Reuters reported a “phase 1” U.S.-China pact may not occur until next year as Beijing officials push for more extensive tariff reductions. President Trump has been threatening to hike tariffs in the absence of a trade deal.
Chinese officials were also angered by U.S. Senate passage of a bill on Tuesday in support of human rights in Hong Kong. Beijing has vowed “strong countermeasures” if the bill is approved by the House, as well.
In minutes from the last Federal Open Market Committee meeting in late October, Fed officials said they would refrain from more interest rate cuts unless the economy changes suddenly.
Last month, the central bank cut the benchmark overnight lending rate to a range of 1.5% to 1.75%, the third such decrease of the year.
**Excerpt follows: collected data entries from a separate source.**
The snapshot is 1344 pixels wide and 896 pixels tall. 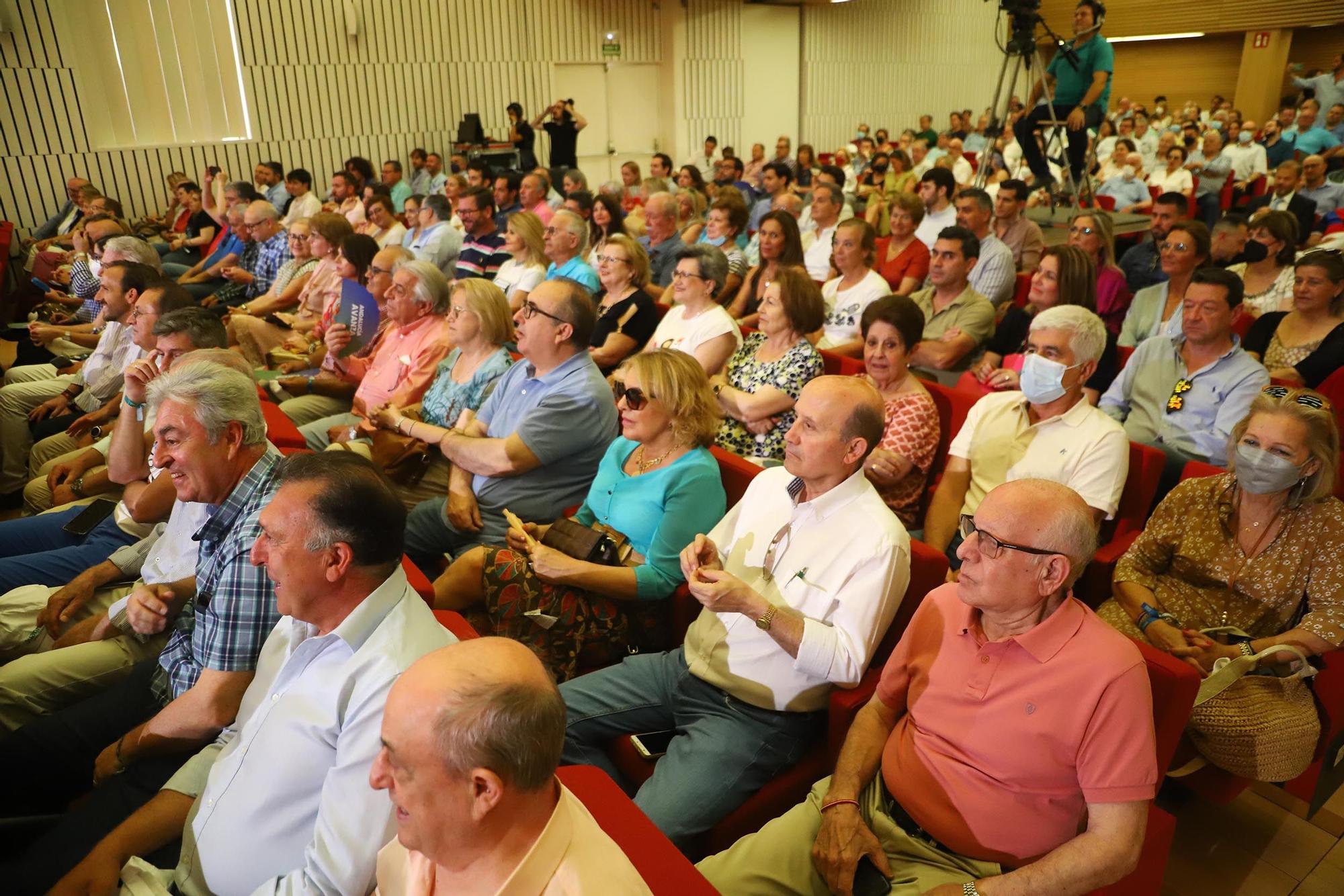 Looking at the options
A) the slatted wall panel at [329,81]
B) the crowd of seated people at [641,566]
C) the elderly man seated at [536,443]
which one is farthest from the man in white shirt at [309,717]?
the slatted wall panel at [329,81]

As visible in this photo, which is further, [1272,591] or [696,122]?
[696,122]

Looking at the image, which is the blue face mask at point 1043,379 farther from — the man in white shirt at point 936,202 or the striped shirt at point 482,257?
the striped shirt at point 482,257

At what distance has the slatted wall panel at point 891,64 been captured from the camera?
16.3 meters

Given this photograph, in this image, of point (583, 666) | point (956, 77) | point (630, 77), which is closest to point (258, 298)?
point (583, 666)

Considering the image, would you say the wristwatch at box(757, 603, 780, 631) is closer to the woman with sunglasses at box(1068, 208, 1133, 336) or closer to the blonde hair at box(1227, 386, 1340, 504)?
the blonde hair at box(1227, 386, 1340, 504)

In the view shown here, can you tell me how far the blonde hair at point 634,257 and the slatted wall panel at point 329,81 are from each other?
914cm

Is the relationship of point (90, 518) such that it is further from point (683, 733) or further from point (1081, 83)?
point (1081, 83)

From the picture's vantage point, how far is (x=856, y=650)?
1.95m

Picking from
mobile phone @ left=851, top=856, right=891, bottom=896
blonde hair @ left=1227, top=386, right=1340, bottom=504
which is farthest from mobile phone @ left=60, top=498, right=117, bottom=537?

Most board members viewed this easing as sufficient “to support the outlook of moderate growth, a strong labor market, and inflation near the committee’s symmetric 2% objective.”
This rate policy “likely would remain” in place “as long as incoming information about the economy did not result in a material reassessment of the economic outlook,” the central bank said.
The Fed added, however, that “policy was not on a preset course and that they would be monitoring the effects of the committee's recent policy actions, as well as other information bearing on the economic outlook, in assessing the appropriate path of the target range for the federal funds rate.”
Lael Brainard of the Federal Reserve board told CNBC she thinks the U.S. economy will expand moderately through 2020. “In terms of the domestic economy, again, powered by the consumer, I do expect to see trend, of above-trend growth, actually continuing out over the course of the next year, year-and-a half,” she said.
Overnight, Asian markets finished lower with Shanghai Composite falling 0.78%, the Hong Kong's Hang Seng off 0.75% and Japan's Nikkei 225 down 0.62%.
European markets finished broadly lower as the FTSE 100 fell 0.84% while Germany's DAX dropped 0.48% and France's CAC 40 slipped 0.25%.
The Energy Information Administration reported U.S. crude supplies climbed by 1.4 million barrels for the week ended Nov. 15, marking the fourth straight week of such gains.
The Mortgage Bankers Association said mortgage loan applications decreased by 2.2% while refinance applications fell 8% for the week.
Crude oil futures were down 3.08% to $56.91 per barrel and Brent crude stayed unchanged at $62.40. Gold futures were down 0.11%.
The euro was down 0.03% to $1.1077 while the pound sterling slipped 0.04% to $1.2921.
The yield on the 10-year Treasury fell 2.69% to 1.738% while yield on the 30-year Treasury dropped 2.31% to 2.203%.